[swift-evolution] [Pitch] Typed throws
clattner at nondot.org
Wed Feb 22 10:55:03 CST 2017
On Feb 22, 2017, at 6:32 AM, John McCall <rjmccall at apple.com> wrote:
>> 3) Third, your enum needs to be declared fragile in order to allow clients to enumerate their cases specifically.
>> The third step (having to mark your enum fragile, however it is spelled) is the biggest sign that you’re opting into a commitment that you should think really hard about. If folks don’t know that this is a big API commitment, then we have bigger problems.
> You're imagining somebody adding a throws annotation because their function itself has one or two explicit throw sites.

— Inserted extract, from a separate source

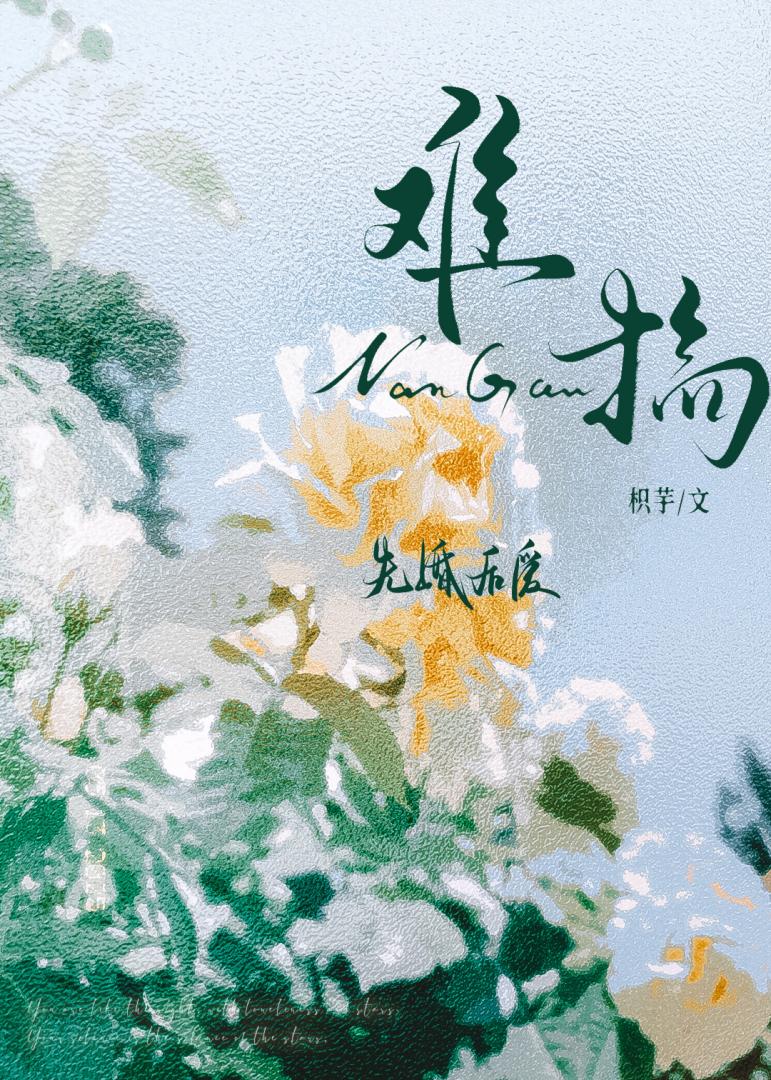 难搞[先婚后爱]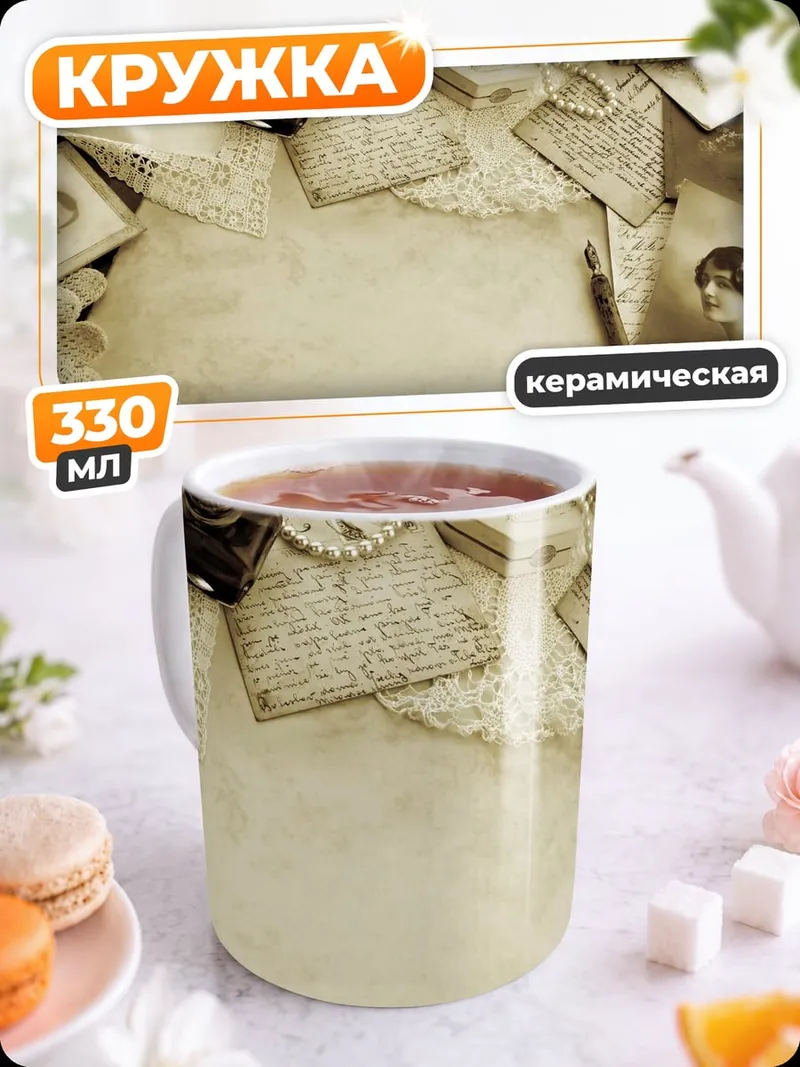 Кружка керамическая старинные письма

I was trying to imagine what the “bad thing” was that you were imagining, I guess I missed the mark :)
> In reality, it's probably because they're calling some other function that can throw. The low-impedence path in that case is to declare that you throw whatever that function throws; this is why people talk about exceptions encoding your library's dependency tree.
Yeah, I’ve totally seen that in Java and other languages, so I can see your concern. I think that that concern is completely addressed by:
1) Only allow one thrown type.
2) Never add T | U | V syntax for anonymous enums.
Both of these seem strongly motivated by other design points in swift, so I took those for granted.
With the two of them together, Swift would seriously reduce the odds of your "bad thing” from happening, because people who have to write out new enum types to encode their dependency tree.
>> AFAICT, the cost of this API is only a “li rN, 0” in the normal path.
> If you're willing to give up on a no-malloc guarantee, even if the fact of resilience, yes, this and similar techniques would work. I'm not sure that all "deep systems" code is quite that deep.
I’m not claiming that all “deep systems” code (whatever that means) is quite "that deep", only that an interesting communities who consider themselves purveyors of systems code also care about controlling allocations for a variety of reasons.
The sort of systems code I’m imagining doesn’t care about resilience at all. They generally have a closed world assumption anyway.